Each line of the data below from the one holding "Carrinho de Barraca" to the one holding "Roar Shirt Mens", inclusive, is to be reproduced exactly; no other line belongs in the answer.

Input data:
Content starts

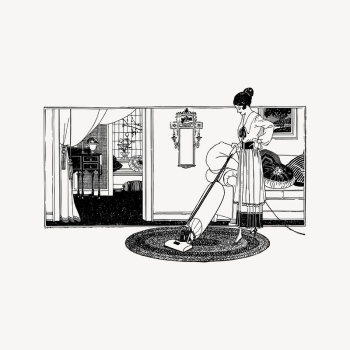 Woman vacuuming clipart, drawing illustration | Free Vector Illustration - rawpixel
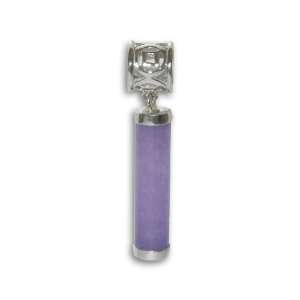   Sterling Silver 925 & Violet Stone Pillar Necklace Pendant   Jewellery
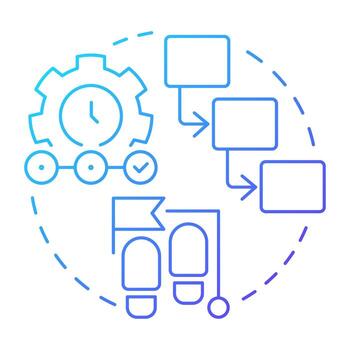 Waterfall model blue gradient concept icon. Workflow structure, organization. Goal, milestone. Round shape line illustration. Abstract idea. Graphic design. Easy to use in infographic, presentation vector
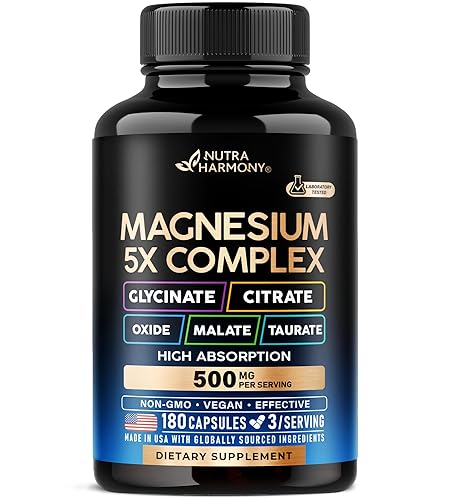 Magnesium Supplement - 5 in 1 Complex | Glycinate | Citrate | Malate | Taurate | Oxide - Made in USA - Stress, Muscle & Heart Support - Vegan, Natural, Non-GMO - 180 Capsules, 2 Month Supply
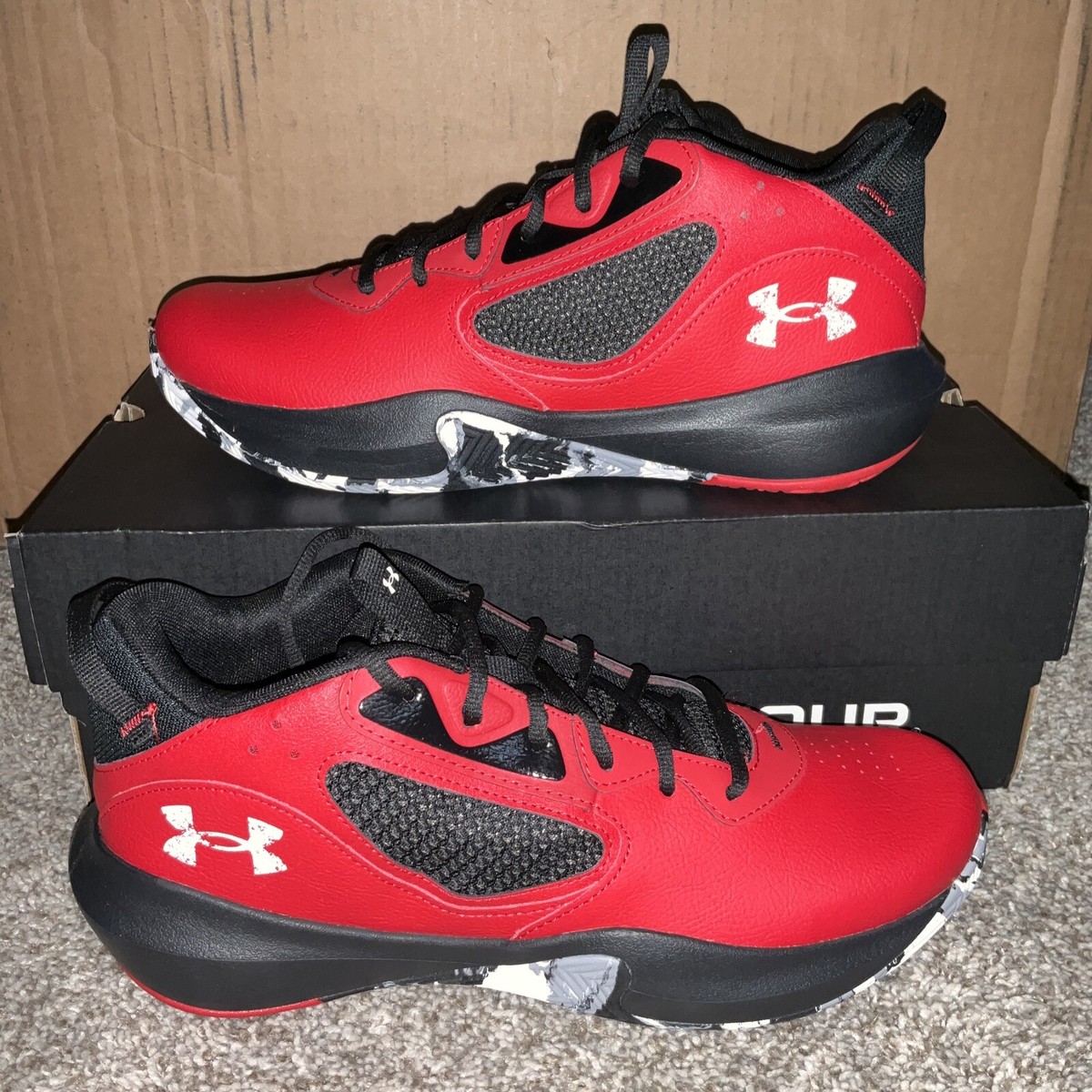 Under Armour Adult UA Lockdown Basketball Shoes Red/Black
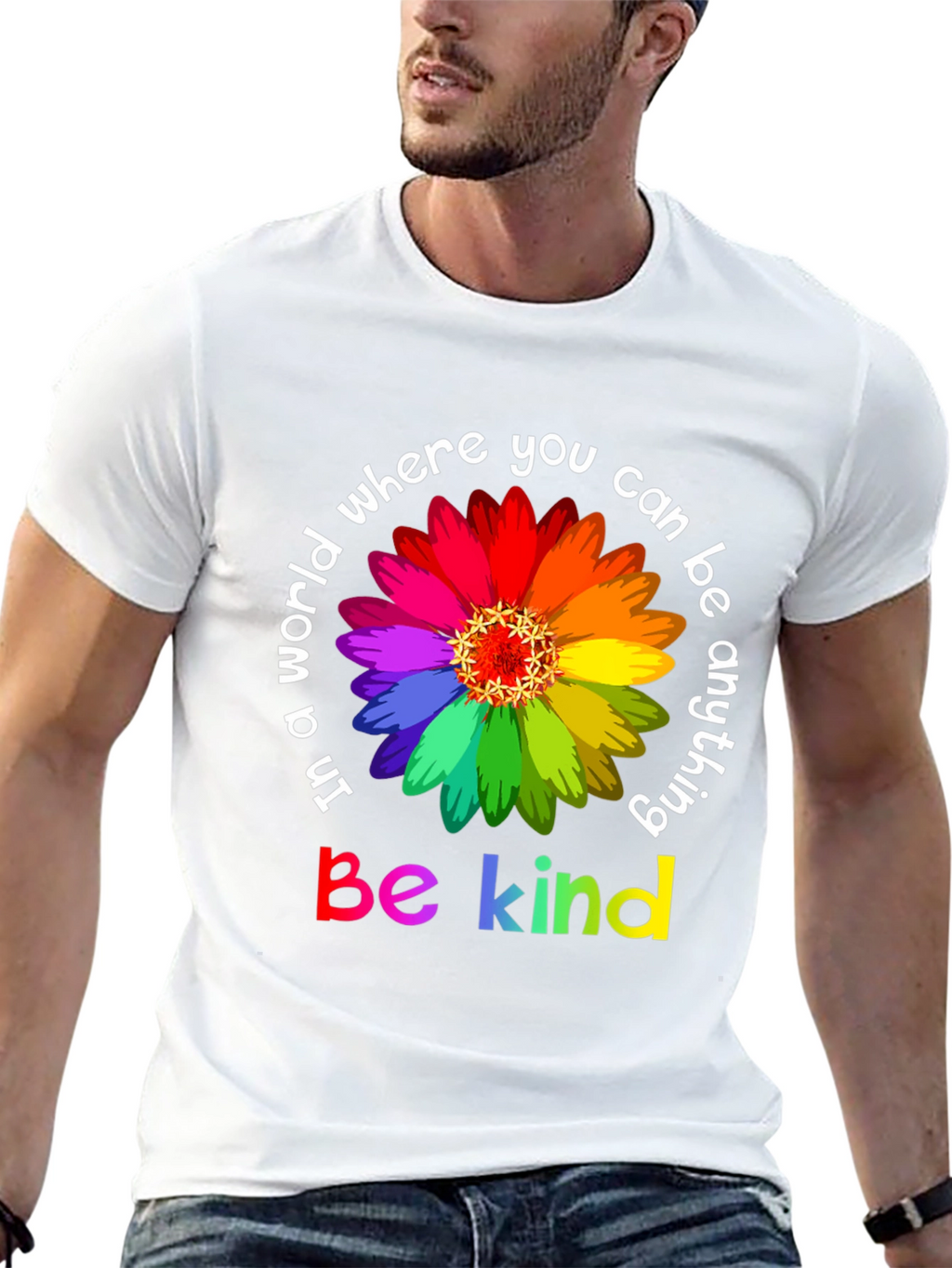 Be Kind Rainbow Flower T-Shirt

Content ends
Content starts

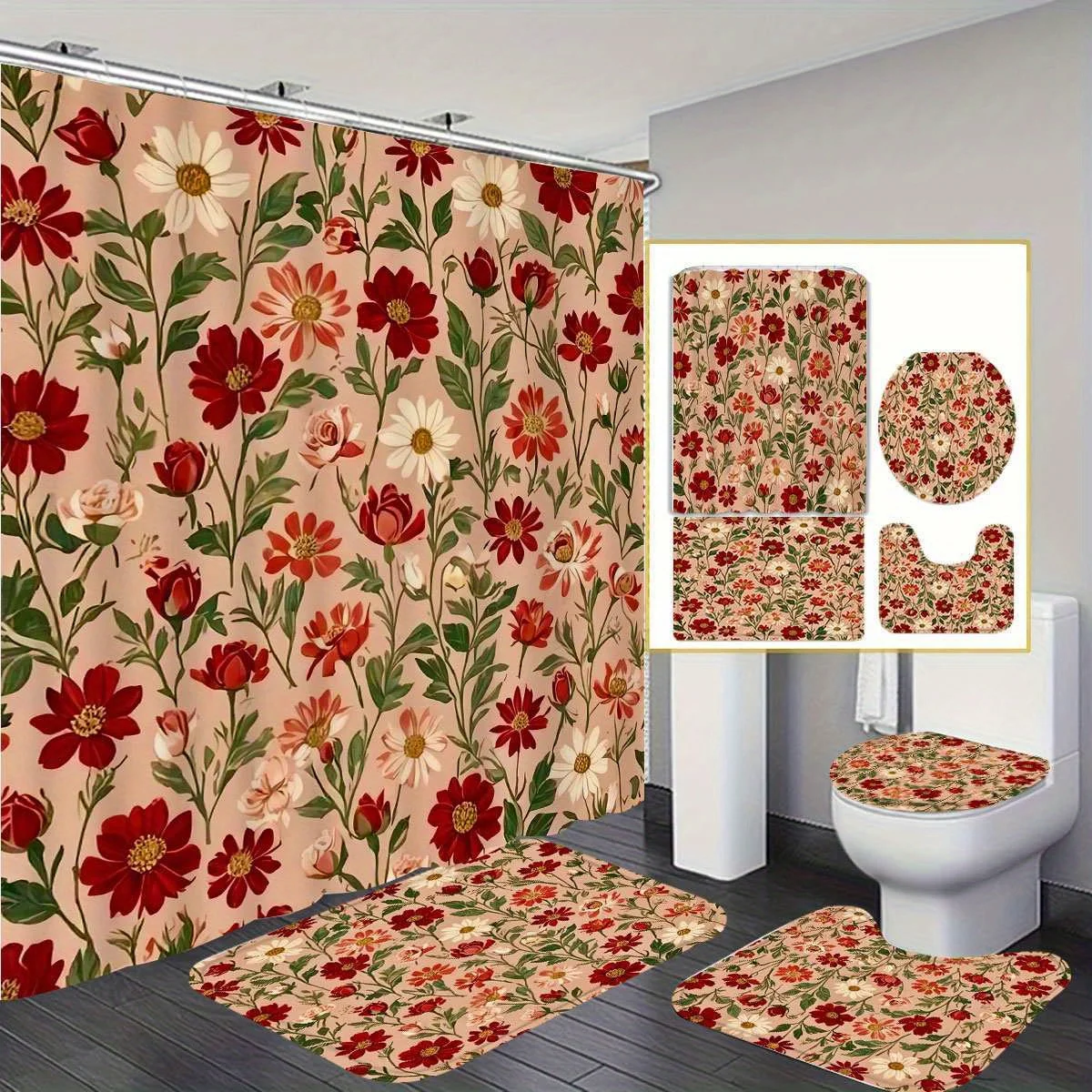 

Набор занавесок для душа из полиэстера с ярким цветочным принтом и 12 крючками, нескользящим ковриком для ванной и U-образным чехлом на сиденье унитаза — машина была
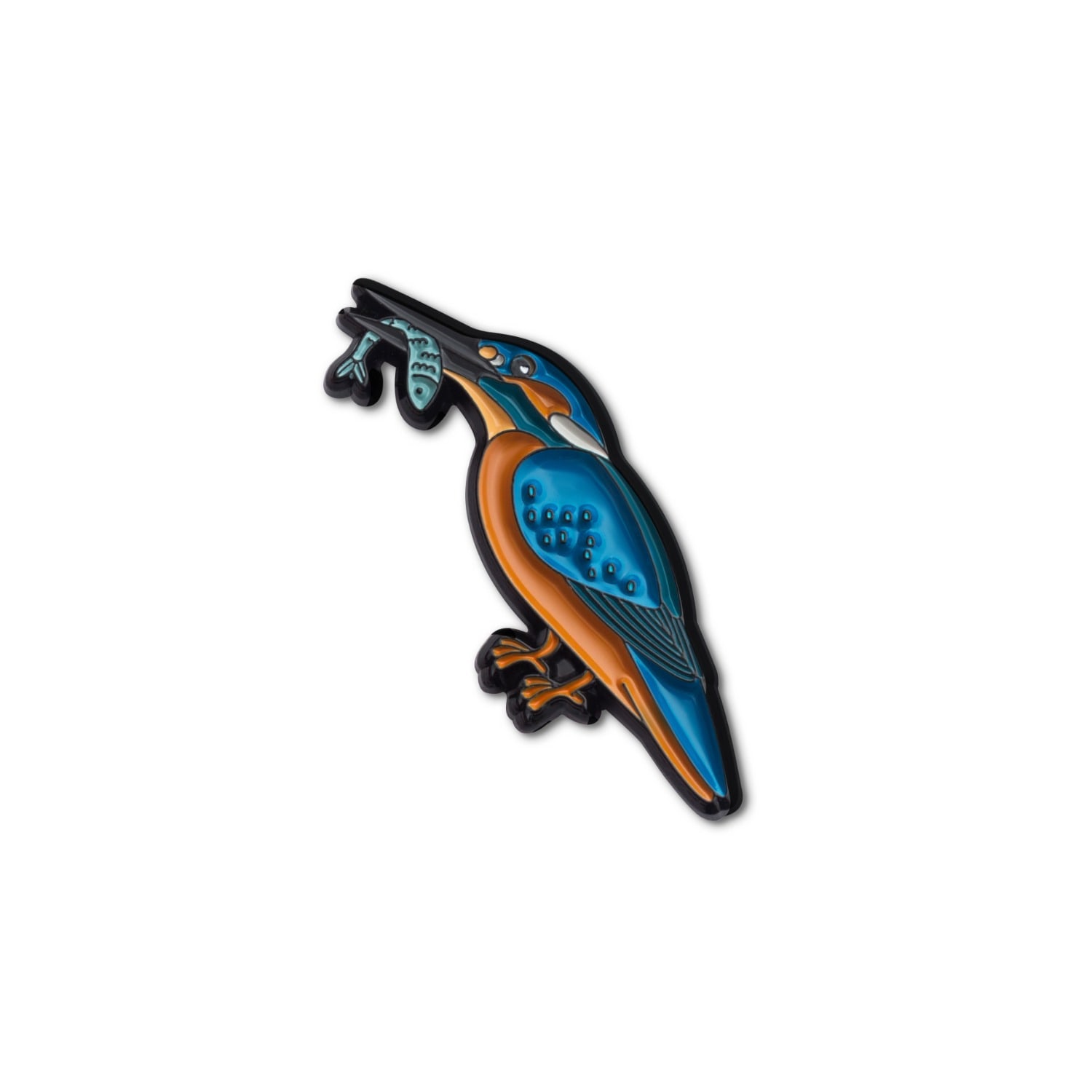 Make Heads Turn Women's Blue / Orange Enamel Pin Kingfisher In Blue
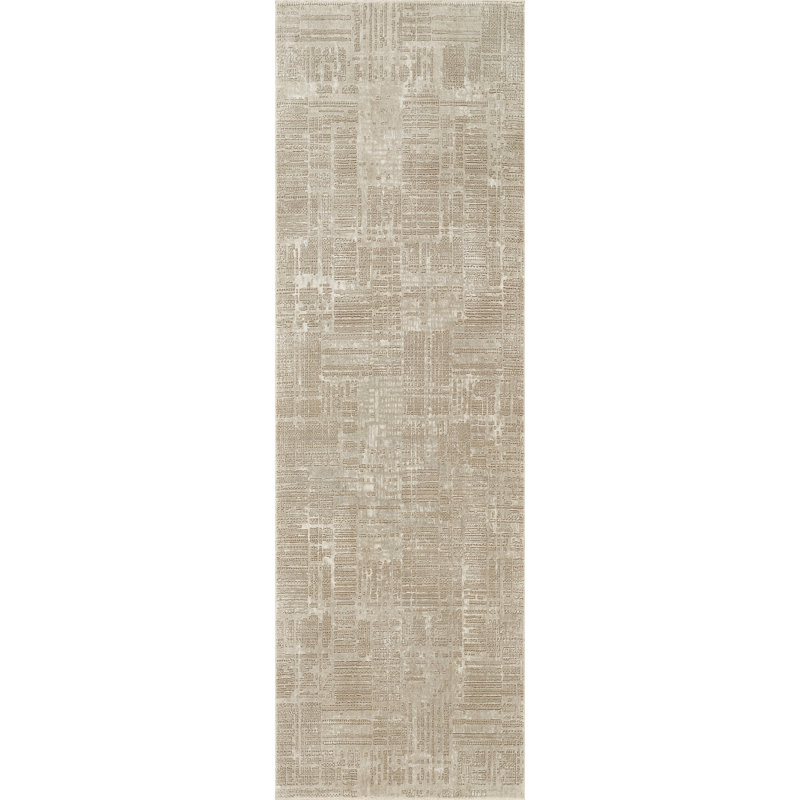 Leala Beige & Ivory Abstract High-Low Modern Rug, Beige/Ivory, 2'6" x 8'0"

Content ends
Content starts

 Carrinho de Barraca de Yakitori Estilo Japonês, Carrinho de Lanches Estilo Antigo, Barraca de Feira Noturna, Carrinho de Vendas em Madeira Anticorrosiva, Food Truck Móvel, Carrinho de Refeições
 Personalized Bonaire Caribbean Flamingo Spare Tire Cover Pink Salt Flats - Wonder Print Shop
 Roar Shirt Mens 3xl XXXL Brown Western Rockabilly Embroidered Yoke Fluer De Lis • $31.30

Content ends

Expected output:
 Carrinho de Barraca de Yakitori Estilo Japonês, Carrinho de Lanches Estilo Antigo, Barraca de Feira Noturna, Carrinho de Vendas em Madeira Anticorrosiva, Food Truck Móvel, Carrinho de Refeições
 Personalized Bonaire Caribbean Flamingo Spare Tire Cover Pink Salt Flats - Wonder Print Shop
 Roar Shirt Mens 3xl XXXL Brown Western Rockabilly Embroidered Yoke Fluer De Lis • $31.30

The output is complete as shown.